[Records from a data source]

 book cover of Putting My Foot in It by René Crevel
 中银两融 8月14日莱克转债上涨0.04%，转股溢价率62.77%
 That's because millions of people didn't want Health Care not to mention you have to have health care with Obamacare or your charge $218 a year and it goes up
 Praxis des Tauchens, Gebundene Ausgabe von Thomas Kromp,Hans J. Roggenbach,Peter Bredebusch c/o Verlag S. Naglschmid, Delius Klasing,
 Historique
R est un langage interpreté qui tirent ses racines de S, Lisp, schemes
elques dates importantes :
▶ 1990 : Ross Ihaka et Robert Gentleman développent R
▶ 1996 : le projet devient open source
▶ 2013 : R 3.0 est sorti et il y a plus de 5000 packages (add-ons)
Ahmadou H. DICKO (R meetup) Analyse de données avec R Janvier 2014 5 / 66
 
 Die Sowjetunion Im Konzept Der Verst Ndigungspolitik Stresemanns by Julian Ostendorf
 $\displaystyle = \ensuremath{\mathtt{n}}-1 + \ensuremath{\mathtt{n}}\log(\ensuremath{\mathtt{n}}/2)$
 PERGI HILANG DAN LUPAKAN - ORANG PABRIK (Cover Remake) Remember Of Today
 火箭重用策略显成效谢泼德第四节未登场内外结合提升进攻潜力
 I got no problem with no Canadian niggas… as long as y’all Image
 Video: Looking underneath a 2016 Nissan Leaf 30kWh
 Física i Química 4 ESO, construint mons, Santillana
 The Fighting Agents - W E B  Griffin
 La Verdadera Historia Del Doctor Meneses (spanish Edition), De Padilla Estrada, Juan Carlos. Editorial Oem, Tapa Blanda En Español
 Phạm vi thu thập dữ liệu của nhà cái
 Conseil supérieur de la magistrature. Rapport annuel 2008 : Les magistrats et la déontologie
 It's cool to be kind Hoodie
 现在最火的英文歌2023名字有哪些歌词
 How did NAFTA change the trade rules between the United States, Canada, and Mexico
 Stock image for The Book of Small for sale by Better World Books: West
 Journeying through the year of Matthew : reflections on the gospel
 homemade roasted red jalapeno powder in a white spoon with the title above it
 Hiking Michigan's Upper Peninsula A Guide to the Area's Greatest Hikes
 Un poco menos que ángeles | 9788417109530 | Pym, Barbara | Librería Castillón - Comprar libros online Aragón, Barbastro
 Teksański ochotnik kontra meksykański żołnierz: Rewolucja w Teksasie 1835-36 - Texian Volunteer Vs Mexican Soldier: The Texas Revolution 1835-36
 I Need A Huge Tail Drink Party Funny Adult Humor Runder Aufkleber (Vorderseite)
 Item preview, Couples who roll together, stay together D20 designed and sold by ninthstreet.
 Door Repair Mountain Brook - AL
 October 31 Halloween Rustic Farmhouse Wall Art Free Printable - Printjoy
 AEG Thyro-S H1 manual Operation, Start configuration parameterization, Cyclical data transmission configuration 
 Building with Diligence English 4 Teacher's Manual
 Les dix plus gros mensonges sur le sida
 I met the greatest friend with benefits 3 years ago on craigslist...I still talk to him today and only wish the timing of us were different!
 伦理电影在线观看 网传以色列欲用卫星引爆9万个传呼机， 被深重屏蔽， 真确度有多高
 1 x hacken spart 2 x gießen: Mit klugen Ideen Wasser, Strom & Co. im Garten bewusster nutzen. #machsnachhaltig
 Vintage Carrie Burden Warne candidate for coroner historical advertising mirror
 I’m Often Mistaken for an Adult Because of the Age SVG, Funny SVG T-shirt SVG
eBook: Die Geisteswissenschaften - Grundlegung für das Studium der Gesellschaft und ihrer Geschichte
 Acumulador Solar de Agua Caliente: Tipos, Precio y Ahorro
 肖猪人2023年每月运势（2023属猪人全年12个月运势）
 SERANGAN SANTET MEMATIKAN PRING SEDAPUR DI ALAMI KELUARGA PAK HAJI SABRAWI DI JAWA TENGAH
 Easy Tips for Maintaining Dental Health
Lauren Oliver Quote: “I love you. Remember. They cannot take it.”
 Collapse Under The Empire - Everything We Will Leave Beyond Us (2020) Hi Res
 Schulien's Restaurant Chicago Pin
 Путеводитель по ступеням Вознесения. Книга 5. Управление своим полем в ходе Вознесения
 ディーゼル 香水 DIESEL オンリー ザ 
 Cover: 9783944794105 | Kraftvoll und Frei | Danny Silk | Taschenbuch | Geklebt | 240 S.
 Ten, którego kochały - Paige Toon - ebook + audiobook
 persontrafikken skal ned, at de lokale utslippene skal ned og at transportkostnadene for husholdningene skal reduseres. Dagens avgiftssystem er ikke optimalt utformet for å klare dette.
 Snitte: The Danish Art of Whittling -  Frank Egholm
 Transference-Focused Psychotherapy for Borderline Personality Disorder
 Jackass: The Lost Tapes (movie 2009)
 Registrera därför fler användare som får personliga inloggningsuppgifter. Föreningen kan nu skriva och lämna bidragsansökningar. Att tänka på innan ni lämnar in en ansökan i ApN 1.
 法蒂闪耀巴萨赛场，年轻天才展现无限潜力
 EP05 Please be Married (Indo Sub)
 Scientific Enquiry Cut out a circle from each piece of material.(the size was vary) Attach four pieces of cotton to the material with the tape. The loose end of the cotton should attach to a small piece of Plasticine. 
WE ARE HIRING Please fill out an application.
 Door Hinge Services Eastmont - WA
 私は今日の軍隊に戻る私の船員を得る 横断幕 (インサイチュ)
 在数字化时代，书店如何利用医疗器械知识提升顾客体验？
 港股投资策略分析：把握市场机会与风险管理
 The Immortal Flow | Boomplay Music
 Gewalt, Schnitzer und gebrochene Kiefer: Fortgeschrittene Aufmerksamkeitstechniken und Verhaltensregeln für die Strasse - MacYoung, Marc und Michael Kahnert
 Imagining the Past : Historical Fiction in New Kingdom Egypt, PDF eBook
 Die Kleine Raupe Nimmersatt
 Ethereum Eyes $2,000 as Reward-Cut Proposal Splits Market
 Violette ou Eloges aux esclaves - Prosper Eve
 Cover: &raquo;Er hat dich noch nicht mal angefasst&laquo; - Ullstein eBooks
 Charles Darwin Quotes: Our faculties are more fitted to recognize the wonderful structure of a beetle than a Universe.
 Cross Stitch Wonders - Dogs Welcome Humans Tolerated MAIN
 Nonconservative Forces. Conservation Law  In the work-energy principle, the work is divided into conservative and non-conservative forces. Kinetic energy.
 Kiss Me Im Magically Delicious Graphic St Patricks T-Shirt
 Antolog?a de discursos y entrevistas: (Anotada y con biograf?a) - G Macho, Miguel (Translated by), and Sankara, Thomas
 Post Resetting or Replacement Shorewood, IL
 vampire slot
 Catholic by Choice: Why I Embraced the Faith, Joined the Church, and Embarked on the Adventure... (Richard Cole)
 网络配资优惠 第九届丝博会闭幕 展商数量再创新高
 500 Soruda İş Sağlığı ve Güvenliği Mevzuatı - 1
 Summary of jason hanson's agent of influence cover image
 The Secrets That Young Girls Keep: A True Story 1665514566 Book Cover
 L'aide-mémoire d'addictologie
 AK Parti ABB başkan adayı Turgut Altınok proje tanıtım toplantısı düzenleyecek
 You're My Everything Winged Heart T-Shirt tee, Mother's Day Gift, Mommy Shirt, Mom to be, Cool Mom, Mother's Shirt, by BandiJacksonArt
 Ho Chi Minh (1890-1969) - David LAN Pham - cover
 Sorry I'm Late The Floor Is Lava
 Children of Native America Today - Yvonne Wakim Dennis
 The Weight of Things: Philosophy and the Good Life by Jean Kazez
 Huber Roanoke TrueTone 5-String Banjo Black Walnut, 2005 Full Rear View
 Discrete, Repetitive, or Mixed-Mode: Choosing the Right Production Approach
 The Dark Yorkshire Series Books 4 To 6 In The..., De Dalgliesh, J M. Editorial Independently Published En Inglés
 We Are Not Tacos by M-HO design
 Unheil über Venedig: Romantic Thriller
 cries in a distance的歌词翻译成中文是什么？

■ Exercise requirements: There is a run of lines above from the one with "Easy Tips for Maintaining Dental Health" to the one with "ディーゼル 香水 DIESEL オンリー ザ"; print exactly that run, both ends included, and nothing else.

■ Problem solution:
 Easy Tips for Maintaining Dental Health
Lauren Oliver Quote: “I love you. Remember. They cannot take it.”
 Collapse Under The Empire - Everything We Will Leave Beyond Us (2020) Hi Res
 Schulien's Restaurant Chicago Pin
 Путеводитель по ступеням Вознесения. Книга 5. Управление своим полем в ходе Вознесения
 ディーゼル 香水 DIESEL オンリー ザ 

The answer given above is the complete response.